In HR 7 juli 2017, ECLI:NL:HR:2017:1278, NJ 2017/283, rov. 2.2.6, is aanvaard dat ook onder de (hiervoor in 2.1.1 genoemde) sinds 1 maart 2017 geldende regelgeving inzake digitaal procederen in vorderingszaken in cassatie, een exploot op de voet van art. 63 lid 1 Rv kan worden uitgebracht door middel van een kantoorbetekening in gevallen waarin degene voor wie het stuk is bestemd, een bekende woonplaats of een bekend werkelijk verblijf heeft in een lidstaat waar de Betekeningsverordening II van toepassing is, dan wel in een (al dan niet in Europa gelegen) staat die partij is bij het Haags Betekeningsverdrag. Gelet op de algemene formulering van art. 63 lid 1 Rv en de strekking van deze bepaling, zoals vermeld in de wetsgeschiedenis aangehaald in de conclusie van de Advocaat-Generaal onder 2.4, bestaat er geen grond om de kantoorbetekening niet ook mogelijk te achten ingeval degene voor wie het stuk is bestemd, een bekende woonplaats of een bekend werkelijk verblijf heeft in Aruba, Curaçao, Sint Maarten, Bonaire, Sint Eustatius of Saba, of enig ander land ten aanzien waarvan geen verdrag of verordening anders bepaalt.

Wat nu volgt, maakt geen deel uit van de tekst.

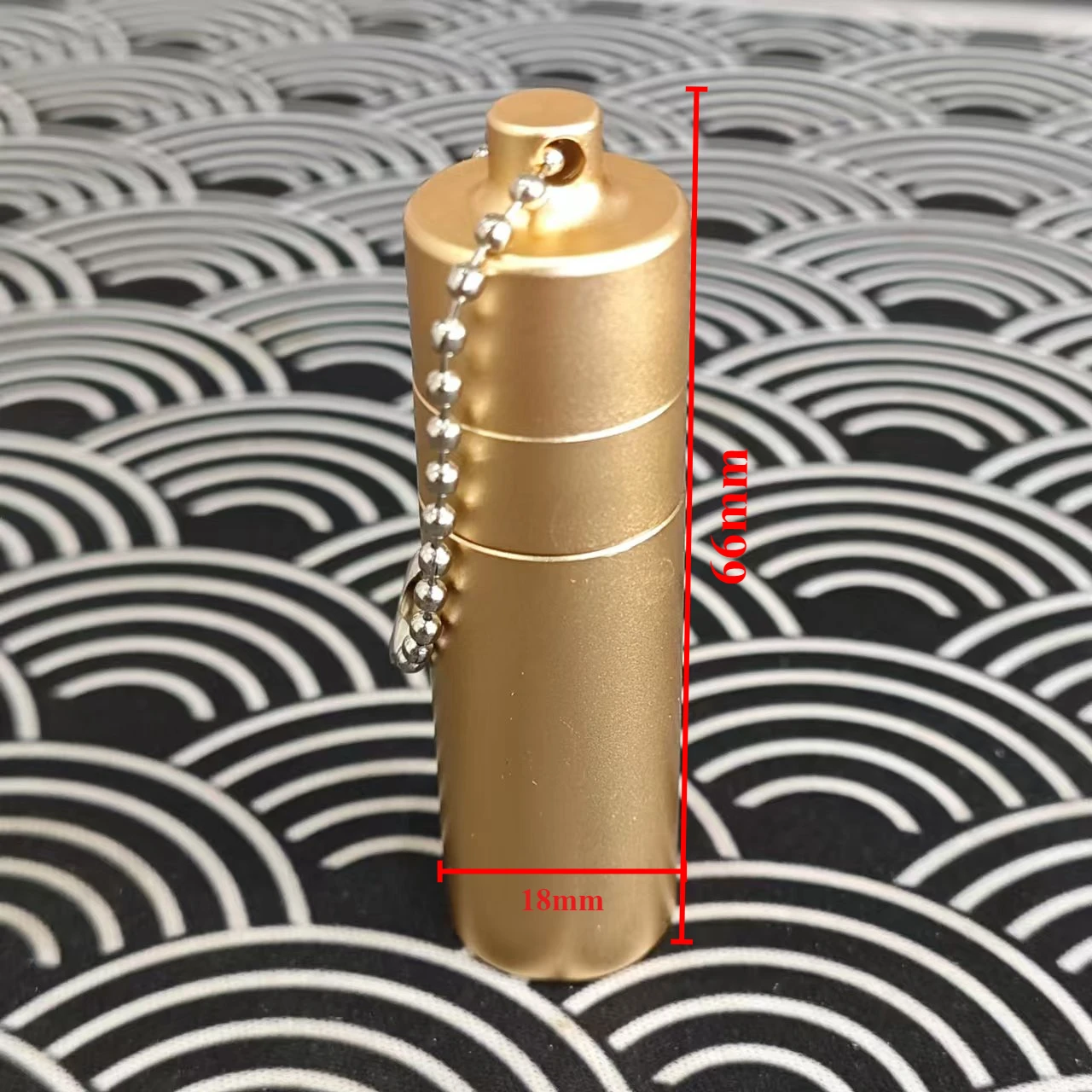For Zippo ZORRO Lighter Storage jar DlY Universal High Quality Oil Storage Bottle Lighters Repair Accessory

Een dergelijke kantoorbetekening is toelaatbaar zowel in gevallen die worden bestreken door de sinds 1 maart 2017 geldende regelgeving inzake digitaal procederen in vorderingszaken in cassatie als in gevallen waarop deze regelgeving niet van toepassing is.

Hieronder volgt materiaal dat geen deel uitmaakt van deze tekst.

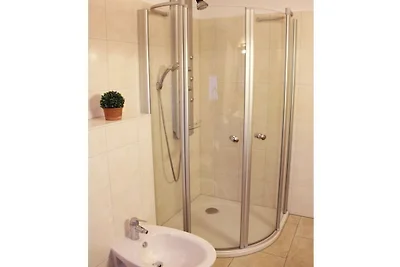 Ferienwohnung mit 1 Schlafzimmer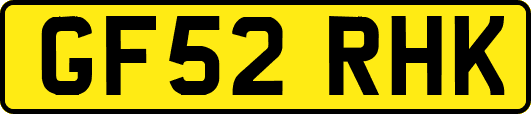 GF52RHK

Bij de verstekverlening gelden de aandachtspunten genoemd in rov. 2.2.7 van het zojuist vermelde arrest van 7 juli 2017. Deze houden het volgende in.
De rechter dient met inachtneming van het verdedigingsbelang te beslissen over verstekverlening. Indien degene voor wie het rechtsmiddelexploot is bestemd, niet verschijnt en er aanleiding bestaat eraan te twijfelen of het stuk de buitenlandse geadresseerde heeft bereikt, dient de rechter niet terstond verstek te verlenen.
De rechter kan zo nodig inlichtingen hieromtrent (doen) inwinnen bij de advocaat aan wiens kantoor het rechtsmiddelexploot is gedaan.
Indien de advocaat aan wiens kantoor het rechtsmiddelexploot is gedaan, eigener beweging of desgevraagd meedeelt dat hij (nog) niet erin is geslaagd zijn (voormalige) cliënt op de hoogte te stellen van de inhoud van het stuk, dient de rechter dit in zijn oordeelsvorming te betrekken.